DMarket ha stimato che il solo business delle skin (ovvero dei capi digitali)si aggira attorno ai 30-40 miliardi di dollari l’anno e Morgan Stanley ha previsto che entro il 2030, metaverso, gaming e NFT rappresenteranno il 10% del mercato del lusso.
Ma gli NFT non interessano solo il mercato del lusso; H&M ha creato un proprio store nel metaverso di Ceek City.
La startup DressX crea armadi digitali per acquistare outfit da utilizzare nel gaming e nelle piattaforme di metaverso.
Inoltre, la startup Mioo sta lavorando alla creazione di un sistema di etichettatura che, oltre a garantire una tracciabilità trasparente, consente di creare un abito virtuale per ogni capo reale.
Al momento, in ogni caso, gli NFT guardano a un mercato di nicchia, non inclusivo e lontano dalle attuali sfide economiche e sociali.
Tuttavia, gli NFT sono anche acclamati come una soluzione per ridurre l’impatto ambientale del settore moda.
Dalle sfilate in metaverso che riducono il traffico aereo dei partecipanti, al design che consentirebbe di sperimentare e costruire nuovi modelli senza lo spreco di tessuto con prove, ritagli e sfrifi..
Ma associare i capi digitali alla sostenibilità è tout court corretto?
Spesso i capi virtuali vengono considerati di per sé sostenibili, in quanto non viene utilizzato tessuto, non c’è sfruttamento di terra e risorse naturali e non si producono capi che restano invenduti o rifiuti da smaltire.
Tuttavia, lo studio della sostenibilità non può che prendere il via dalla consapevolezza che ogni nostra azione ha un impatto e, dunque, non può essere senza conseguenze, in termini ambientali, neanche il mondo del metaverso.

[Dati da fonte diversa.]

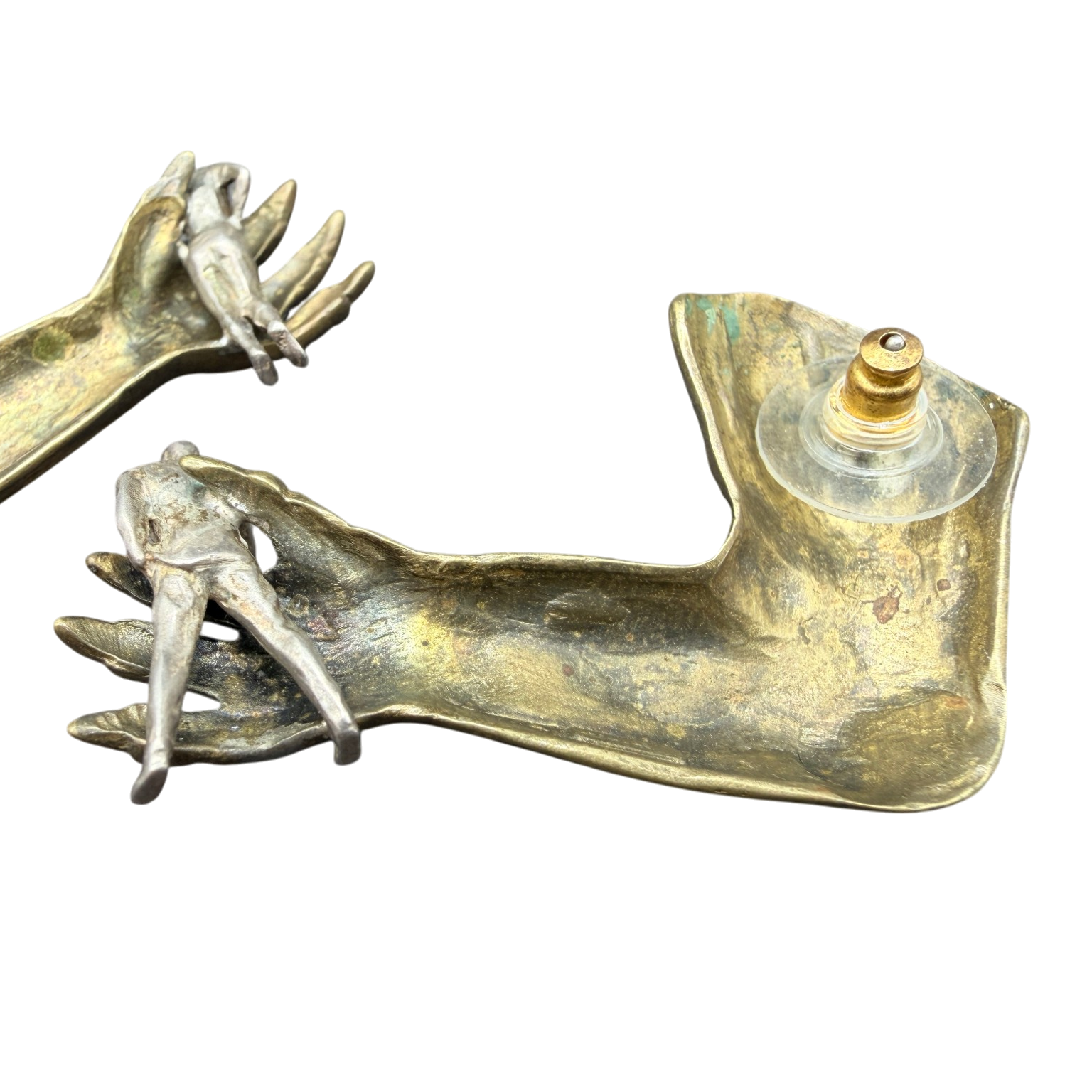 RARE 1970s Linda Hesh Figural “Monster Arm” Earrings with Miniature Figure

E quindi entra in gioco un’altra doverosa domanda: a fronte dell’urgenza che stiamo vivendo a causa della crisi climatica, le finalità che si perseguono con gli NFT meritano l’impatto generato?
La sostenibilità richiede necessariamente un approccio olistico. Non può esser preso solo un elemento del tutto per dichiarare che, non portando con se i problemi del prodotto precedente, è di per sé sostenibile.

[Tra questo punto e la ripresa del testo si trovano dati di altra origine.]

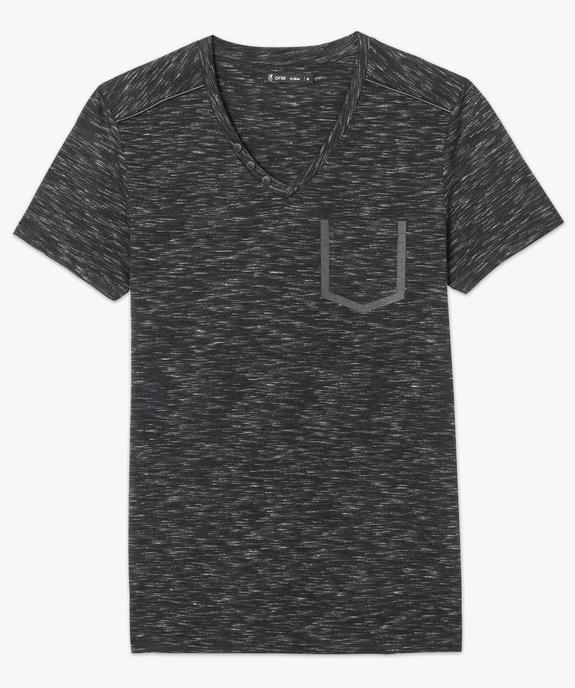Tee-shirt chiné col V détails contrastants vue4 - GEMO (HOMME) - GEMO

Bisogna piuttosto valutare quale sia l’impatto degli NFT e se siano utili a rendere il settore moda realmente più sostenibile.
Altrimenti si rischia di svuotare la sostenibilità di significato.
Prendiamo quindi in considerazione, brevemente, i principali fattori che rendono il settore della moda tra i più impattanti in termini di emissione di co2:
- sovraproduzione;
- sfruttamento di risorse naturali;
- dislocazione della produzione (trasporti, tralasciamo qui i problemi etici della manodopera);
- smaltimento dei rifiuti e dell’invenduto.
Alla luce di tali ingenti problemi, sembrerebbe che gli NFT possano contribuire solo alla riduzione degli scarti tessili in fase di progettazione e realizzazione del capo, evitando che vengano prodotti scarti di tessuto conseguenti a prove e ritagli.
In aggiunta, la possibilità di provare nella realtà virtuale i capi digitali, potrebbe aiutare ad acquistare online con maggiore sicurezza e quindi a ridurre i resi.
Allo stesso modo, la possibilità di vedere e magari provare i capi digitali potrebbe aiutare a incentivare il modello di prevendita: l’azienda di moda potrebbe realizzare e mettere sul mercato reale solo ciò che i clienti hanno prescelto nel mondo virtuale (ci sta lavorando l’”amata” Shein).
Tuttavia, non è possibile affermare che questi benefici siano sufficienti a giustificare l’impatto generato.
La tecnologia blockchain, su cui sono registrati e utilizzati gli NFT, è infatti molto energivora e comporta l’emissione di ingenti quantità di CO2e. In particolare, l’alto dispendio di energia deriva dal processo di verifica su ogni transazione e nella fase di registrazione dell’NFT (mining).
Ad esempio, ogni transazione su Ethereum (una piattaforma di blockchain) ha bisogno di 260 kilowatt ora di elettricità; in un anno si tratta del consumo di un Paese come Singapore, ovvero circa 26,5 terawatt-ore di elettricità all’anno.
Esistono tipi di blockchain più efficienti in termini energetici e sicuramente si lavorerà ancora per ridurre le emissioni di questi prodotti, ma non è assurdo che ciò che viene annunciata spesso come una soluzione per una moda più sostenibile, sia in realtà generatrice di nuovi e ulteriori problemi di emissioni?
Se prendesse piede il mercato della moda nel metaverso, con il modello attuale di 52 collezioni all’anno e una moda concepita come usa e getta, non si darebbe alcun contributo alla riduzione dell’impatto ambientale della moda ma, anzi, si incrementerebbe.
Il modello economico di consumismo sfrenato rimarrebbe lo stesso, spostandosi solo nel mondo virtuale: le esperienze virtuali potranno forse in qualche misura ridurre l’acquisto di capi reali ma il problema si sposterà nel mondo virtuale.
Gli obiettivi di sostenibilità sono chiari:
mantenere l’aumento delle temperature sotto i 2° C entro il 2030 ed entro lo stesso anno, per l’Europa, ridurre le emissioni di almeno il 55%.
Per ridurre, è bene ricordarlo, non è sufficiente compensare con la piantumazione di nuovi alberi (che tra l’altro richiedono molti anni prima di poter assorbire CO2 in grandi quantitativi).
Possiamo permetterci un mondo virtuale se non possiamo salvare quello reale?